Shoemaker points out that two of North Carolina’s key economic interests, agriculture and tourism, depend upon one basic thing: fertile soil.
“Nothing works unless there is some widespread recognition of the role natural capital plays in our economic systems and our wellbeing. To sustain it, we see the need for fertile soil, clean water,” he says.
Shoemaker’s dissertation concerns the question, “what does a benign landscape look like?” He elaborates, describing his notion of just such an environment.
“We live closer together, we build close to the tops of the hills, not down near the streams and wetlands. We use porous building materials. We process a lot of things on site. We compost. We process waste on site. You could take everyone on the planet and give them a garden apartment, and they would all fit in an area the size of Texas,” he says.
He envisions a world where humankind works towards building the common wealth—or the common good. As a former New Englander, Shoemaker grew up with the everyday idea of a “common wealth” he says, and that has influenced his geopolitical reality.

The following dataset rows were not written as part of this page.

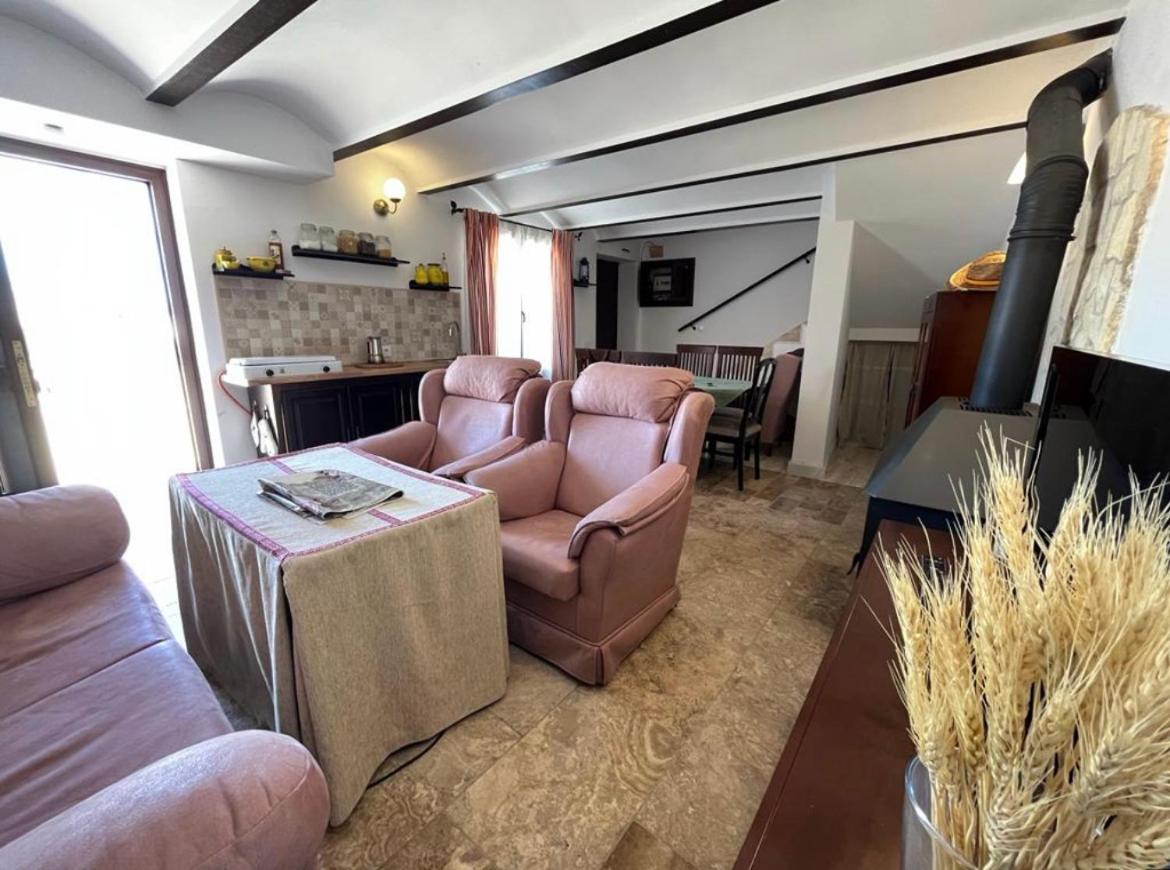 Villa with Private Pool photo 3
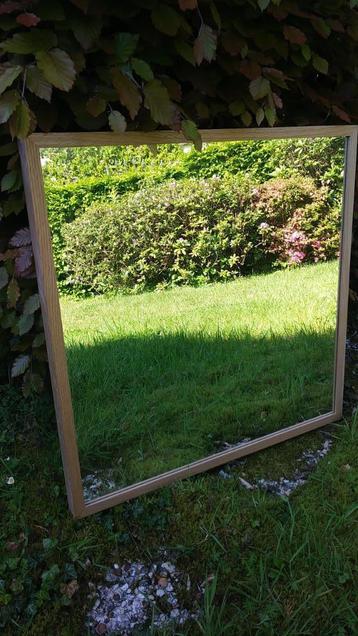 Beau miroir carré beschikbaar voor biedingen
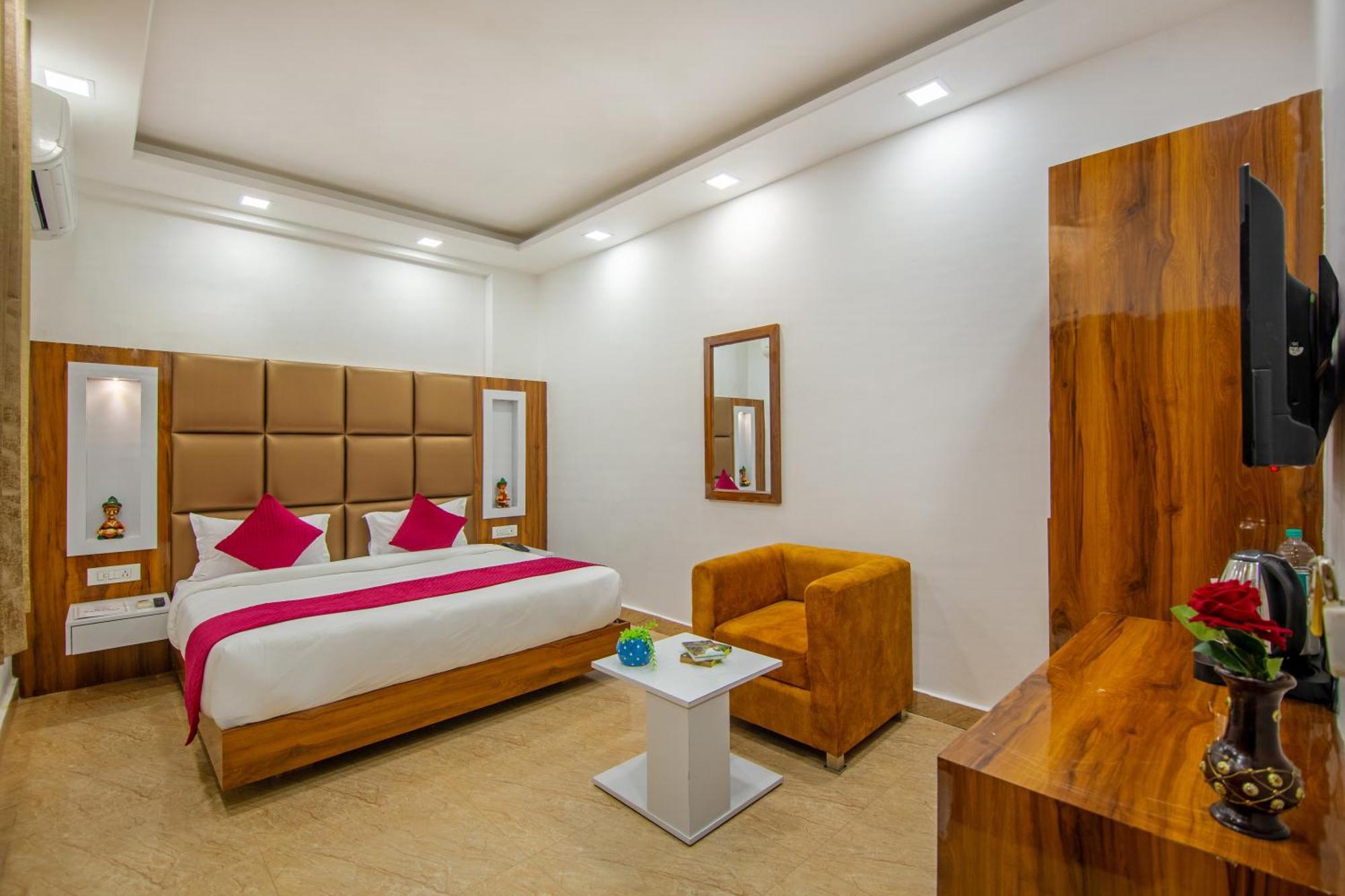 ניו דלהי Rahul Palace By Golden Tree Near Metro Station And Ajmal Khan Market מראה חיצוני תמונה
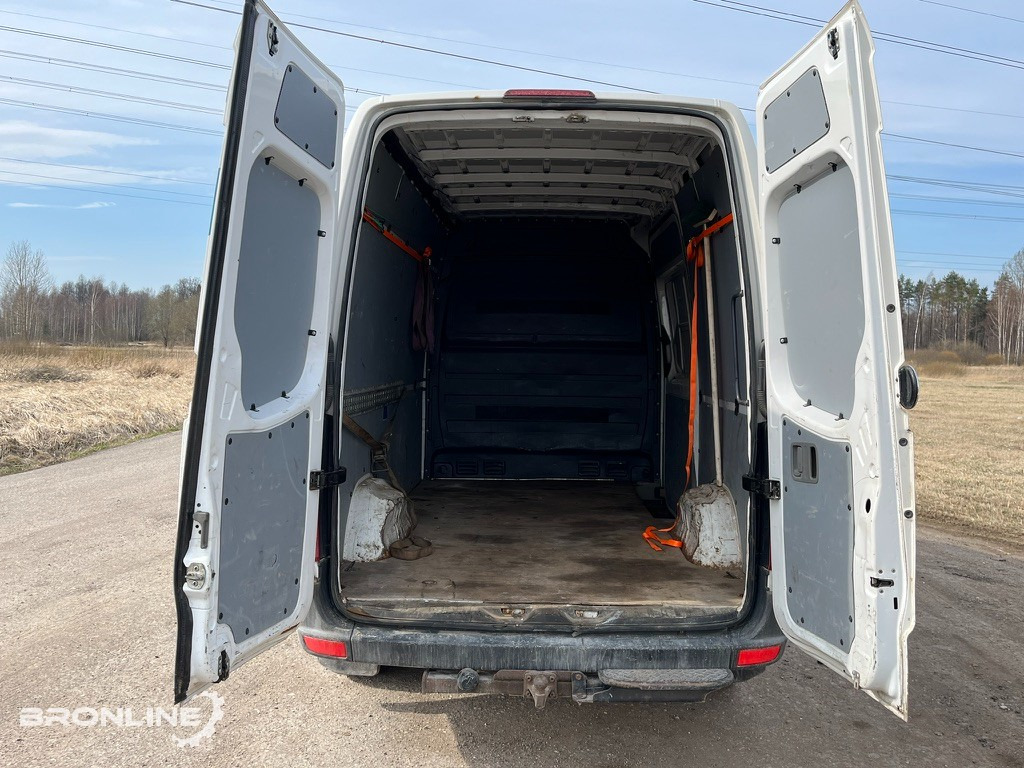 Fourgon utilitaire 2014 Volkswagen Crafter 2.0 80kW: photos 10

For Shoemaker, there is an urgent need for different and meaningful discourse about human agency and our environment. In his vision for the future, there is ample room and resources for everyone on planet Earth—that is, if we consider the common good. “Things can happen,” he says with conviction.
Shoemaker mentions a scene in the film Jurassic Park in which a scientist played by actor Jeff Goldblum discusses chaos theory. Goldblum’s character explains that chaos theory “deals with unpredictability in complex systems. The shorthand is the Butterfly Effect. A butterfly can flap its wings in Peking and in Central Park you get rain instead of sunshine.”
Goldblum demonstrates the effect by pouring water onto his hand, showing how the droplets change course. Tiny variations, he explains, vastly affect outcomes.
Shoemaker makes the point that nuanced changes have impact within and beyond complex systems. He also makes the point that “It’s hubris to think that we can control things from the top down.”
He is further frustrated by how poorly scientific matters are related to the public. “I’m well aware that things don’t work well. I battle with science communication,” he says. To succeed as a landscape ecologist, he knows scientists’ work must be viewed by the public as relevant and relatable if a truly benign landscape can occur.
This brings Shoemaker back to the idea of modeling outcomes in demonstrable, tangible ways. It is a useful tool in the hands of a visionary man, because the dynamic models science builds are easily understood by those outside the scientific community. It is a tool for the common good, and can and does influence those beyond the center’s halls.
The center’s research, and Shoemaker’s passion, can shine light—and a better understanding—upon ecological matters for policy shapers and makers, and the public. And offer a healthy dose of hope.